Music lovers and members of the Oslo Philharmonic Orchestra were mourning the death over the weekend of former conductor Mariss Jansons. He led the orchestra to international fame but left Norway bitter over Norwegian politicians’ failure to build a new concert house.
“He was one of the leading conductors in the world, no doubt about that,” Ingrid Røynesdal, chief executive of the Philharmonic, told newspaper Aftenposten on Monday. Jansons, a native of Latvia, died at his home in St Petersburg after years of heart trouble. He was 76.
“He’d had problems with his heart for many years, and there have been several episodes, but they (doctors) managed to save him every time,” Røynesdal said. “Not this time.”
It’s been 17 years since Jansons was the Oslo Philharmonic’s most important man, noted Aftenposten. Many feel his name lives on in the walls of the Oslo Konserthus (Oslo Concert Hall), even though he complained that it has poor accoustics and he fought hard for a new venue. Norwegian Broadcasting (NRK) reported that Jansons never forgave politicians who didn’t provide the city’s, and arguably the country’s, leading orchestra with better working conditions.
Jansons admitted as much himself in an interview with NRK in 2017: “When I left in 2002, I was in very bad humour. My relations with the politicians and the country were destroyed, and I still feel that way. I fought for better working conditions and places to practice without being heard.”
Røynesdal is now fighting that same battle, campaigning for a new concert house to be built at Filipstad on Oslo’s western waterfront.
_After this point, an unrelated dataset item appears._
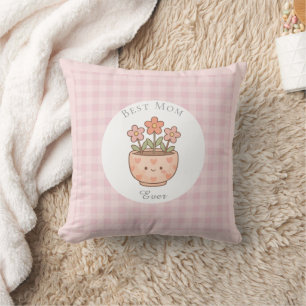 Geschenk für Mama, beste Mama überhaupt, rosa kari Kissen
Others have proposed building a new and much better orchestra hall on top of the existing building at Vika in downtown Oslo. Debate is likely to continue.
There’s little debate over Jansons’ own role in developing the Oslo Philharmonic into an internationally acclaimed orchestra. “Jansons was conductor for 22 years and lifted the orchestra up to an international level,” Røynesdal said. “He was enormously important for the Oslo Philharmonic and for the development of Norwegian music.”
Røynesdal said the orchestra will be honouring Jansons’ contributions as it celebrates its own 100th anniversary this year. “Mariss Jansons made Norway bigger,” she wrote in the orchestra’s own online tribute to Jansons Monday.